• **WHAT THE TASK REQUIRES**: All of the listing, from first line to last, should be output exactly; the pictures stay out.

• **STORED DATA**:
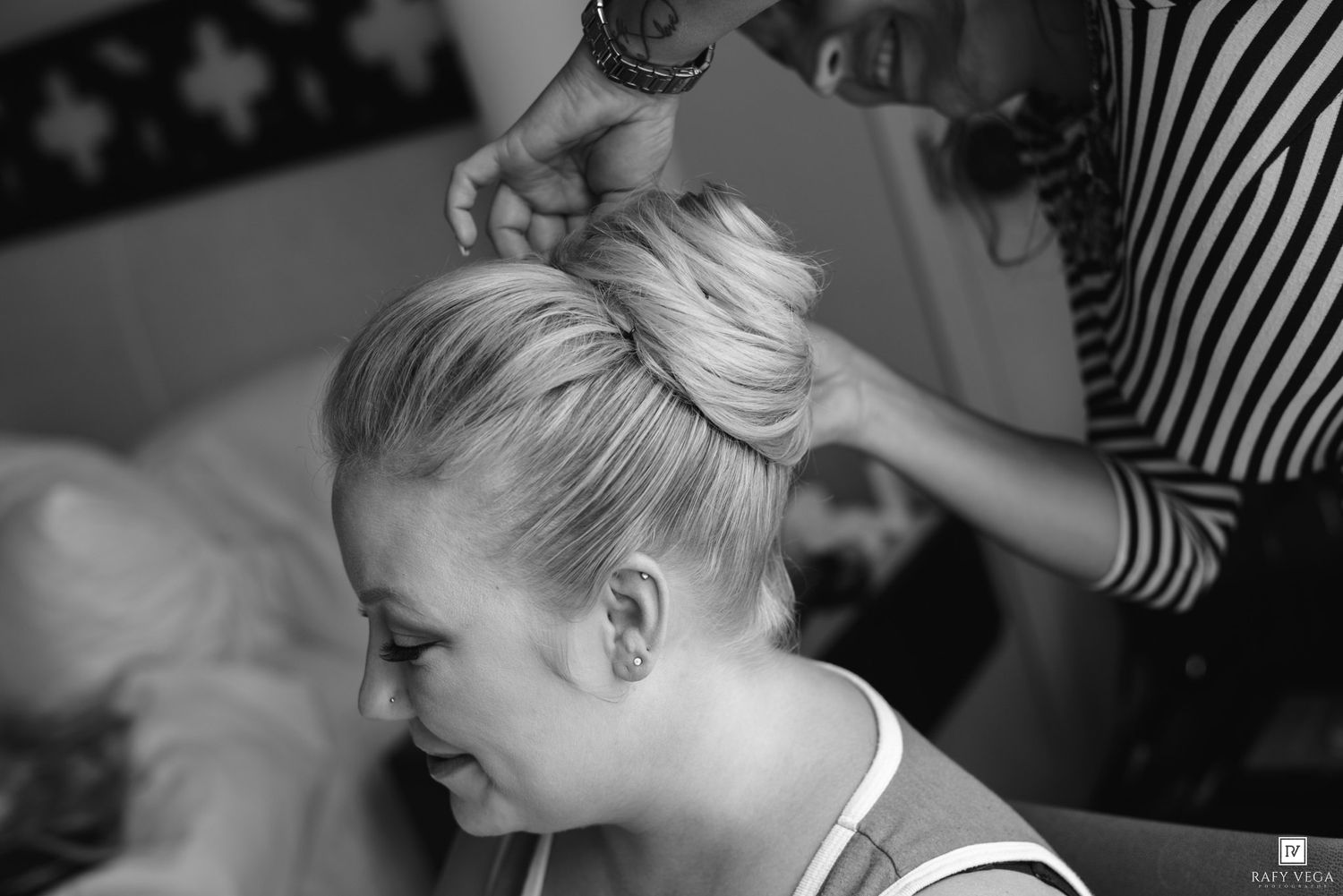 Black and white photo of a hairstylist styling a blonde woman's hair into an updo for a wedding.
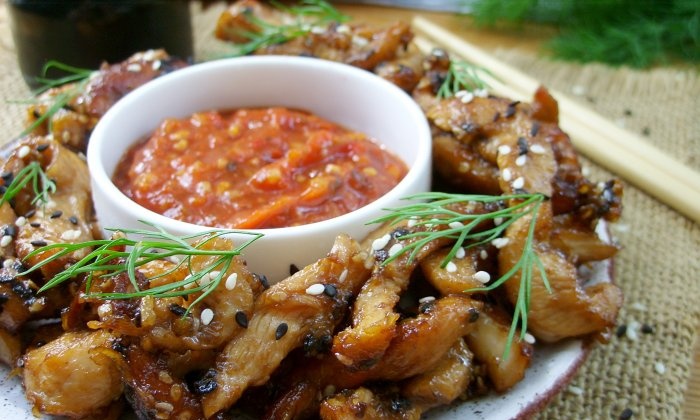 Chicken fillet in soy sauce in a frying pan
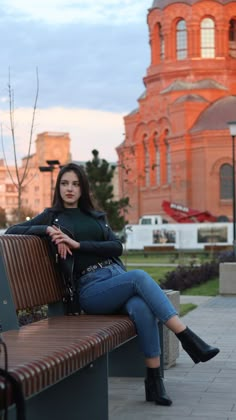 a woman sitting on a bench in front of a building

• **PROBLEM SOLUTION**:
 Black and white photo of a hairstylist styling a blonde woman's hair into an updo for a wedding.
 Chicken fillet in soy sauce in a frying pan
 a woman sitting on a bench in front of a building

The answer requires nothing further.